By 1500 hours that same day the hole was filled, re-glassed, new gelcoat rollered on and antifouling applied. The repair pronounced as completed. The rudder bushes were also ready but just too tight so they were re-machined immediately so the rudder was ready to go back on next morning when we were re-launched. We celebrated with a return visit to the Rockland Cafe for another 'all you can eat' extravaganza. Well, Phil took that unsurprising option whilst the 'Admiral' went upmarket and chose a poor old lobster called 'Shelley' which was forcibly ejected from its comfortable display tank in the middle of the cafe with all its friends waving goodbye before being plunged into a huge pan of boiling hot water, passing them just a few minutes later looking decidedly red and certainly dead. Poor devil! Phil managed just the two large platefuls of the haddock and chips but refused a chocolate pudding desert on health grounds.

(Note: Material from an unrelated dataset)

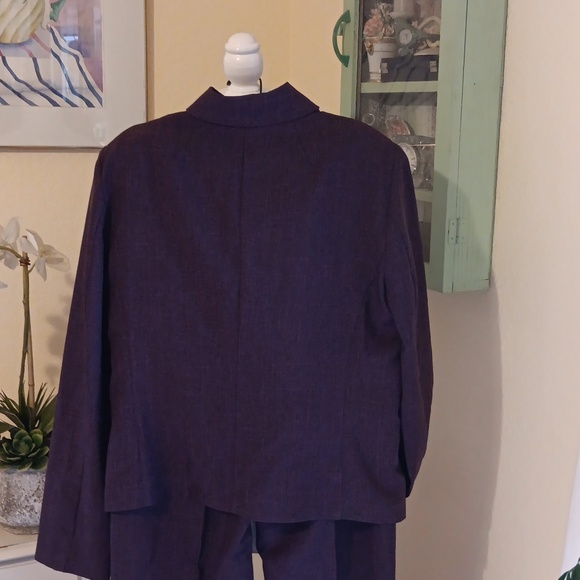 NWT. Courtenay Two Piece Brown Suit. - Picture 9 of 15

Results after grinding back Daylight penetrates our water tank
The hole has to get bigger .. ... before being re-glassed ready for the top coatings
The re-launch didn't quite go as planned as the new rudder bearings being a snug fit meant the boat had to be lowered back down onto the rudder to achieve the final positioning back in the main tube. The yard workers were brilliant in assisting with this issue as Phil was busy inside knocking home the top bearing. In the heat of the moment with the boat suspended in slings you really do wonder why you start these jobs!!

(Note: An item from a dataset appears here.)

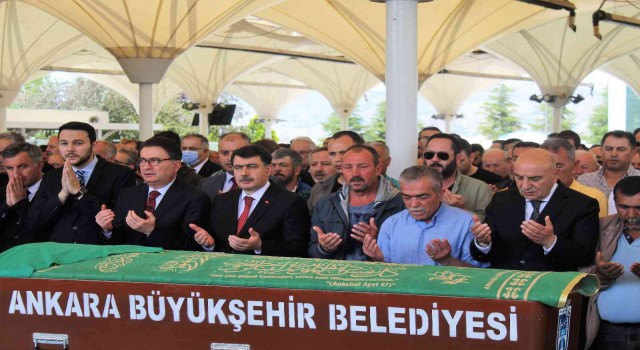 Ankaradaki selde hayatını kaybeden genç kız son yolcuğuna uğurlandı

Back in the water we began cleaning the decks and re-provisioning ready to leave Tuesday morning. It was great to be afloat and we can't praise enough the honest efforts of all who helped us at Journey's End Marina. Nothing was too much trouble or effort with a refreshing honestly throughout the workforce that seems hard to find in many areas.
Back towards the water Great to be afloat again. four days out and back in!